Interview with Peter Lewis

Online pioneer Marc Belanger explains why the Internet, on its own, will not save the union movement.

 
 

Marc Belanger in Melbourne

Marc your main message today was that unions will ignore change at their peril. On a global scene how are we meeting that test?

It's a hard question. I don't think we are meeting it very well. In fact, I think if you look at unions as organisations - they are a dying breed. And if you look at companies that are going to be able to get through the electronic revolution, they are radically changing themselves. They are not the same kind of organisations that they were five years ago, and unions have to do the same thing. Except that we are entrenched in our traditions. We have traditions of doing things that we hold too dearly. We are going to have to change, because as I was saying this morning, there are groups of workers now - there are very few permanent groups of workers with the contracting out and such. We are going to have to find ways of finding those groups that coalesce around certain projects, which is why I raised the point of looking at the artists union just dying - so it seems to work for them.

On that point, unions, it seems to me, have recognised the threat of casualisation and the fragmented workforce, but their response has been to resist it . Is that the right response?

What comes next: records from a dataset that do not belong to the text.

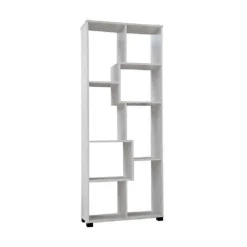 MOBILE MODERNO LIBRERIA SCAFFALE 8 SCOMPARTI IN LEGNO BIANCA 70X24X178CM 715648
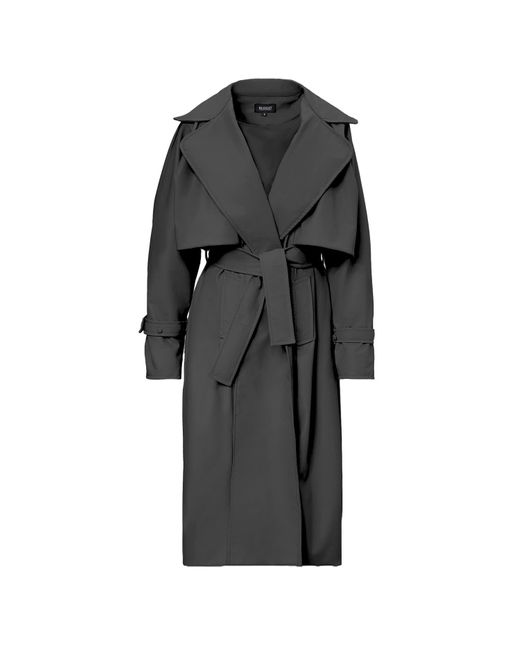 BLUZAT Black Leather Raglan Sleeve Trench Coat With Belt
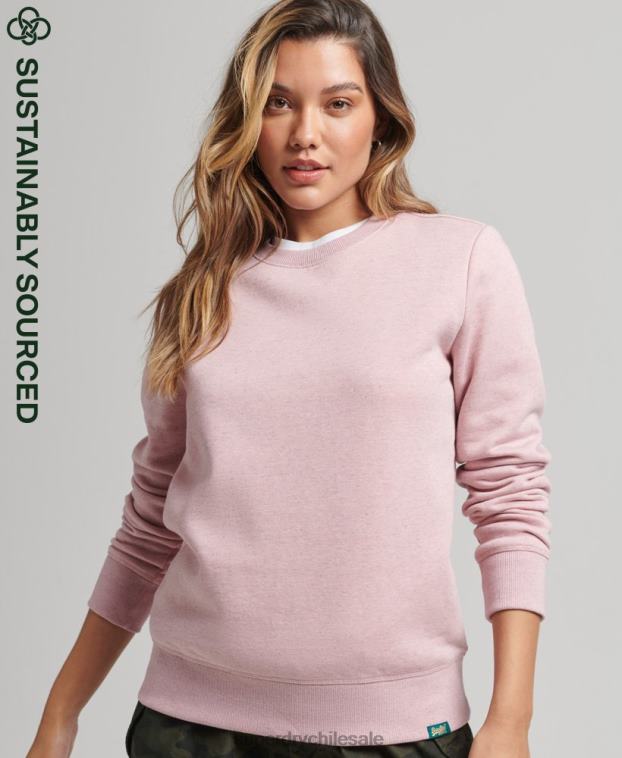 mujer Superdry rosa sudadera con cuello redondo y logo esencial de algodón orgánico 2R68Z5916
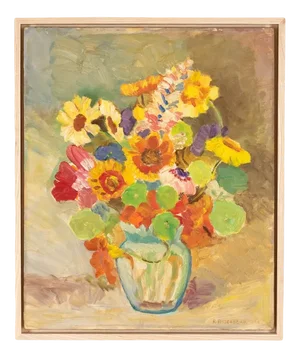 R. Anderberg, Colorful Bouquet of Flowers, 1938, Acrylic on Plate, Framed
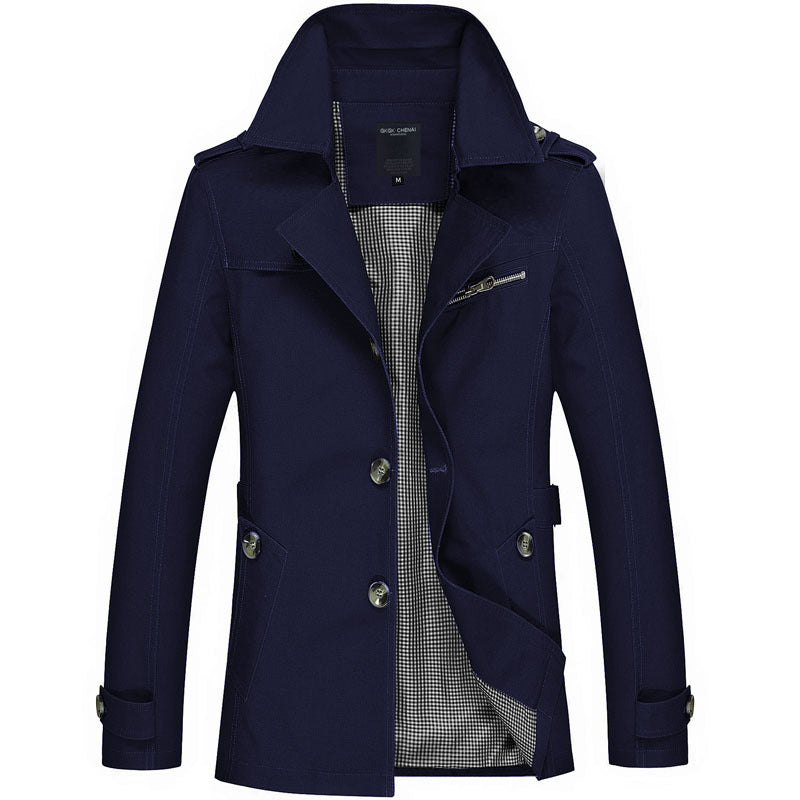 Men's Fleece-Lined Classic Trench Coat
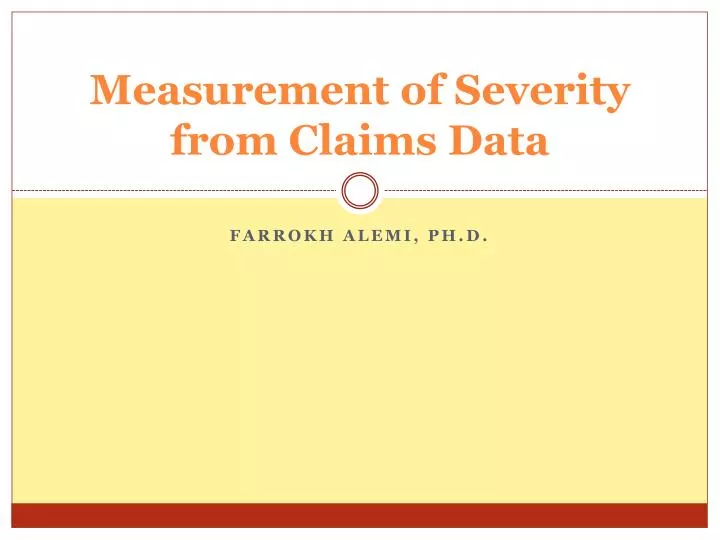 measurement of severity from claims data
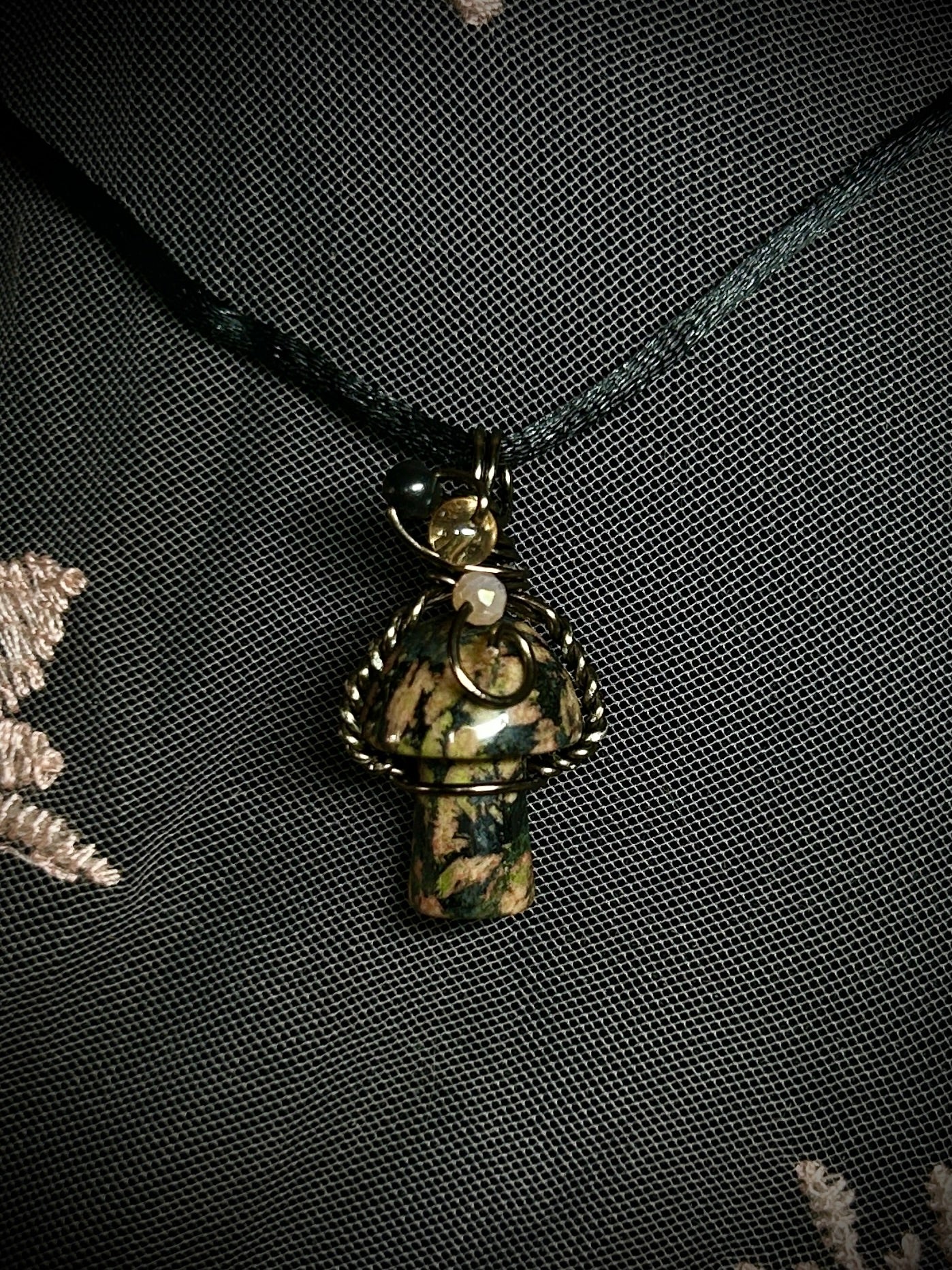 Jasper Mushroom Necklace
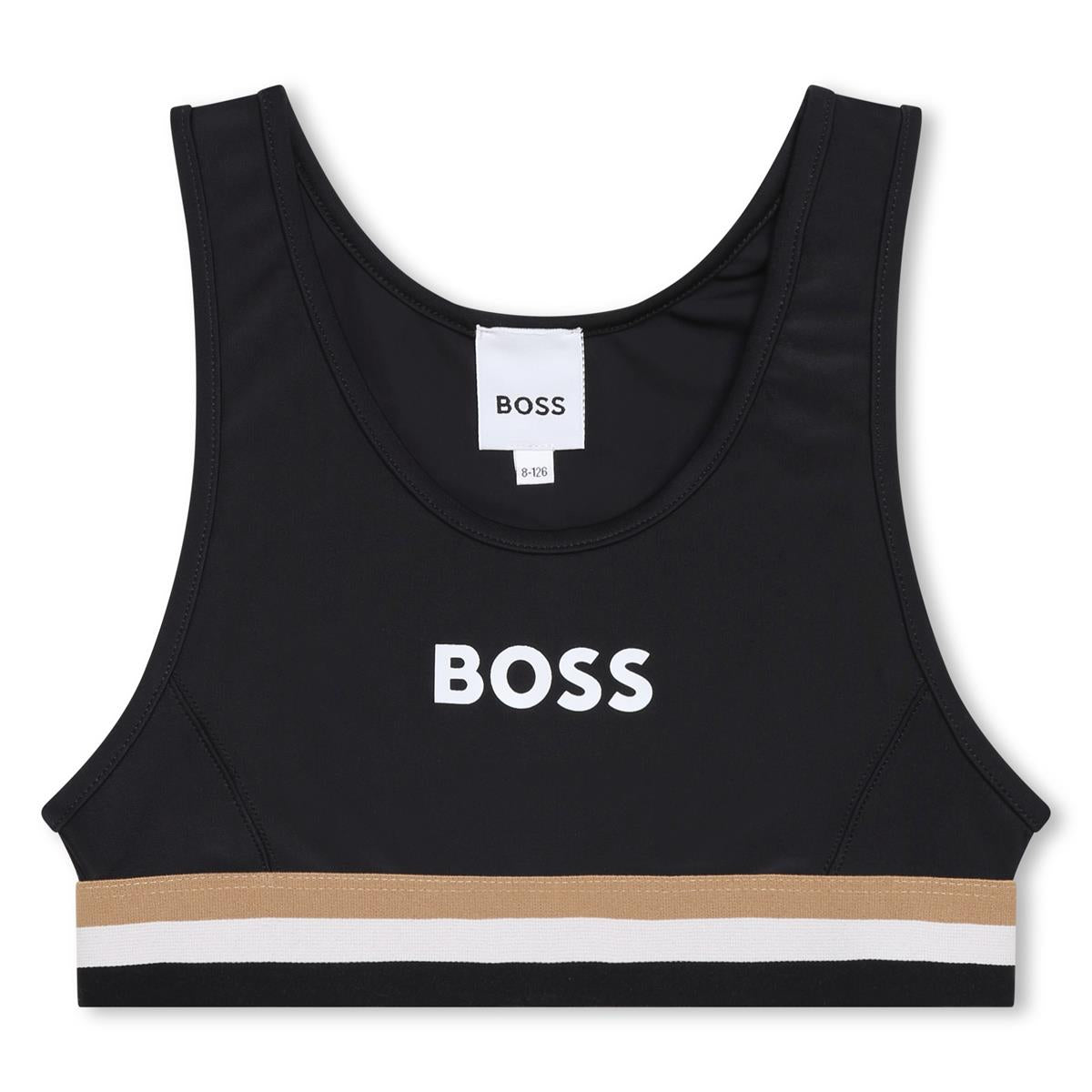 Girls Black Logo Swimsuit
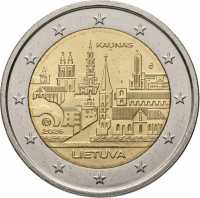 Questa è la moneta commemorativa da 2 euro che la Lituania dedica alla città di Kaunas.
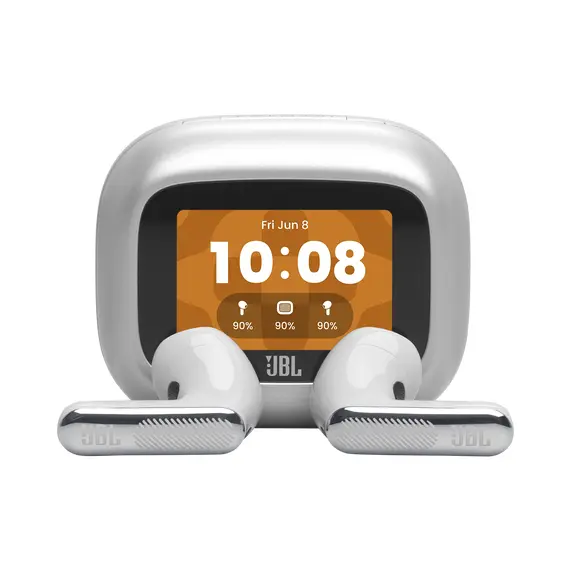 JBL JBLLIVEFLEX4SIL Headphones - In-ear, Wireless, Bluetooth 6.0, Built-in Microphone, IP54, Silver – אוזניות, תמונה 2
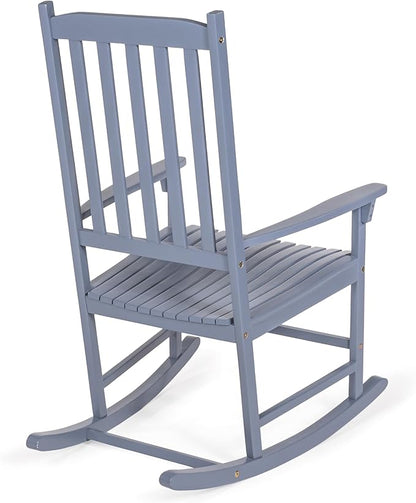 Eyely KCR300F Orvindar Farmhouse Classic Slat-Back 350-LBS Support Acacia Wood Outdoor Rocking Chair, Cashmere Blue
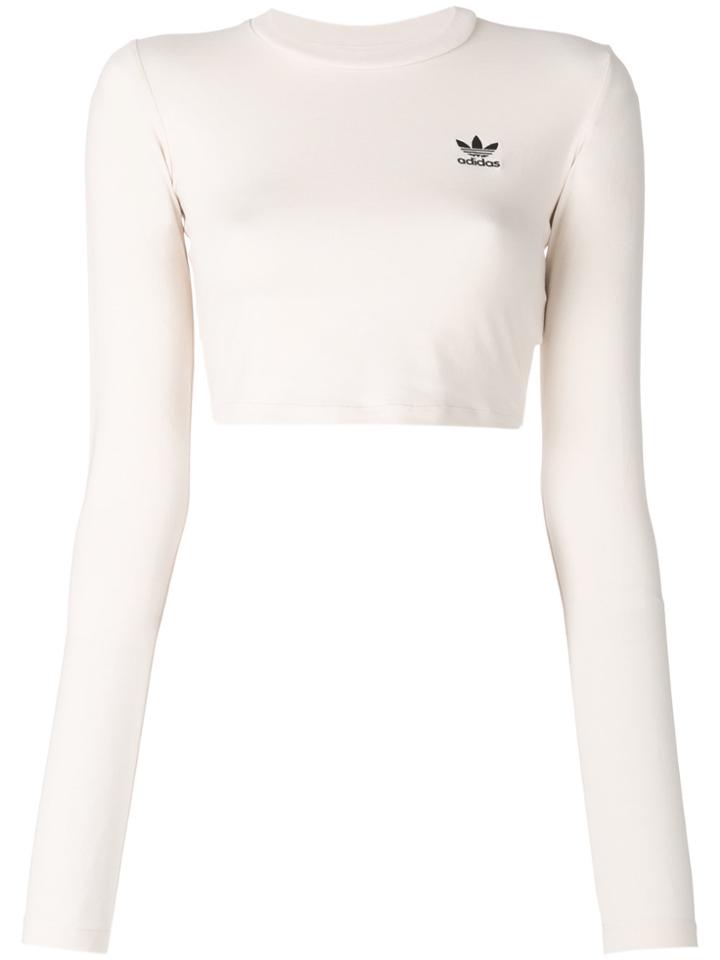 Adidas Logo Cropped Top - Nude & Neutrals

That is the first response. The first response of a trade union is always negative to changes. And rightly so, because when new technologies are introduced it is by employers. They are introduced with much hype and they are introduced with all positives. Because, why would you introduce anything that's not a positive. So our reaction as trade unionists is to say: "Hold on there are not - it is not all positive - and here are the negatives. And so we become a sort of debating partner in the conversation, holding the negative side. But then, as we hold the negative side, we internalise that negativity and we don't turn around and say: "Hey we better start looking at the positives as well."

In Australia particularly, we are having difficulty attracting younger workers. Is that an international trend?

Oh absolutely.

Do you think that negativity is the reason behind that?

I think we portray ourselves as industrial unions in an electronic age. We were designed during the industrial revolution. We have been kept together because of industrial organisation. We, in fact reflect the industrial way of organising. We reflect our employers. A lot of worker unions are big and huge because a lot of workers are big and huge.

But what's going to happen to us now when the employers change. Are we going to change in the way they do, becoming electronic unions, becoming unions that attract people when they coalesce in projects? Or are we going to die?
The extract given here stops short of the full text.